• **ASSIGNED TASK**
Pictures must not appear in your answer. Write out exactly the lines from the one with "[포토]U-18 대표팀, '형님들, 한 수 배우러 왔어요'" through the last line of the entries below.

• **SUPPLIED RECORDS**
*-*-*

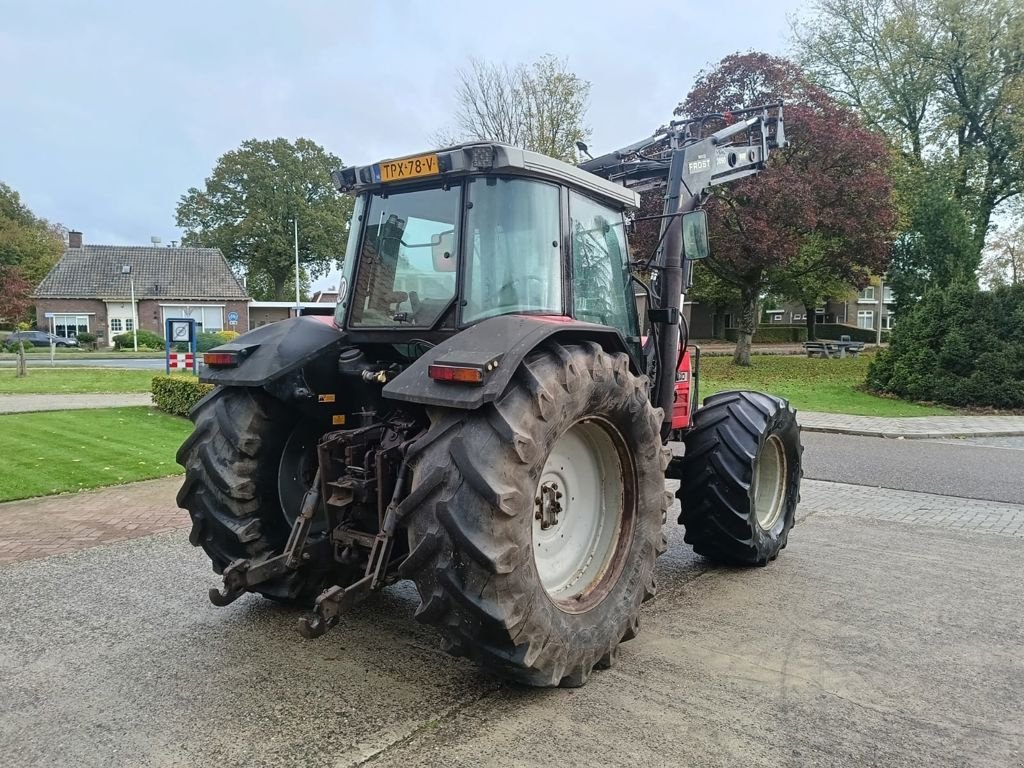 Traktor des Typs Massey Ferguson 6180 DYNASHIFT, Gebrauchtmaschine in MARIENHEEM (Bild 5)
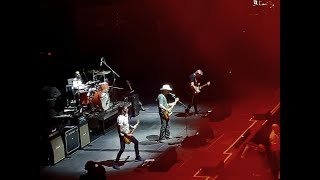 Skay Beilinson  Todo un Palo  151222 Movistar Arena [upl. by Yardley]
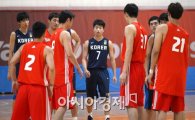 [포토]U-18 대표팀, '형님들, 한 수 배우러 왔어요'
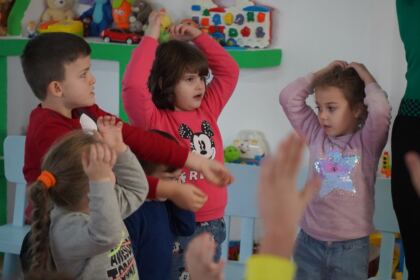 Daruri pentru copiii de la Grădiniţa parohială „Familia“ din Brăila – fotografia 24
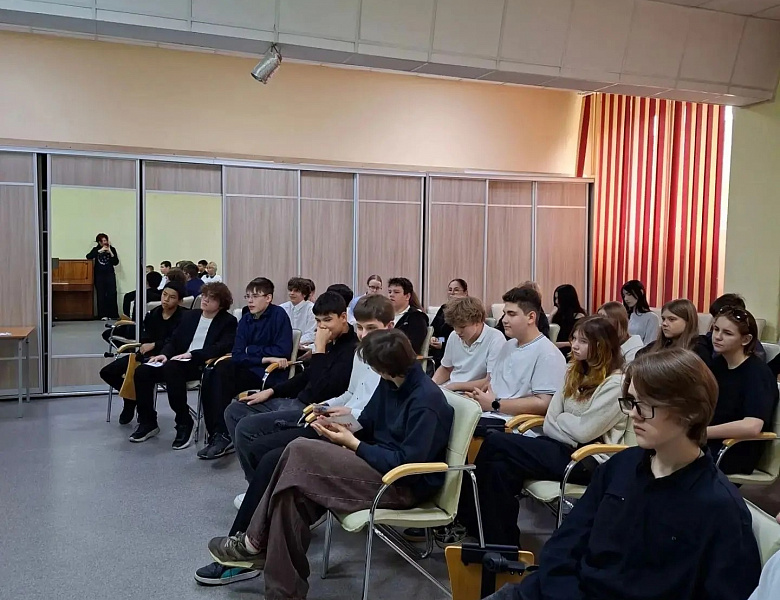     Амбассадоры кластера «Строитель будущего» провели классный час в школе № 175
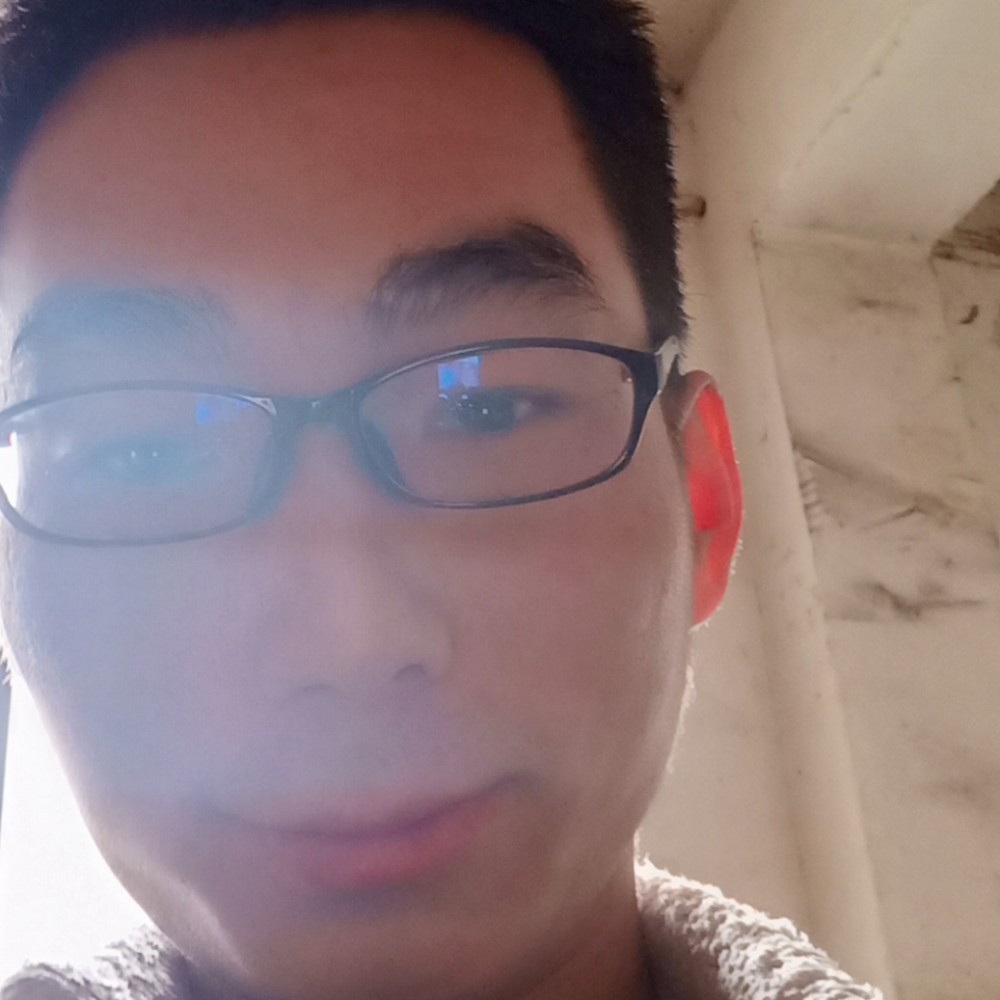 转角遇见爱一个人的照片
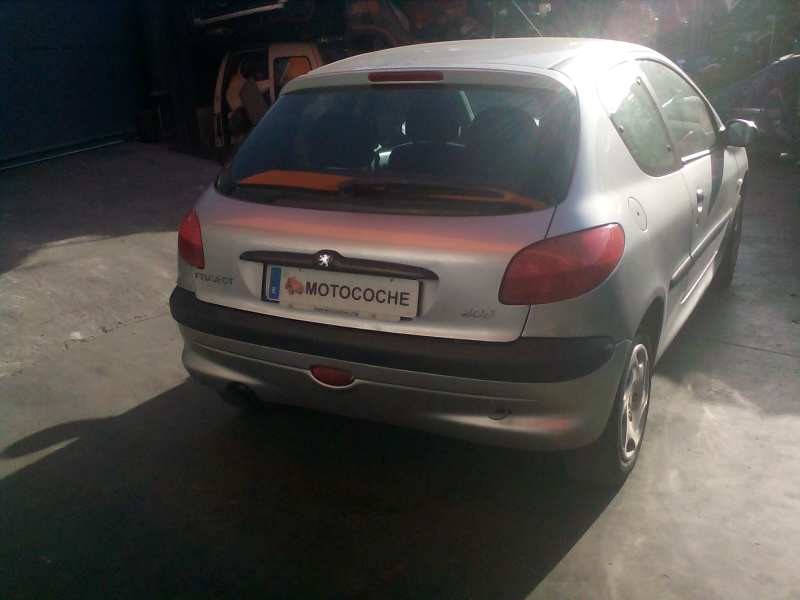 peugeot 206 berlina del año 2000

*-*-*

• **EXERCISE SOLUTION**
 [포토]U-18 대표팀, '형님들, 한 수 배우러 왔어요'
 Daruri pentru copiii de la Grădiniţa parohială „Familia“ din Brăila – fotografia 24
     Амбассадоры кластера «Строитель будущего» провели классный час в школе № 175
 转角遇见爱一个人的照片
 peugeot 206 berlina del año 2000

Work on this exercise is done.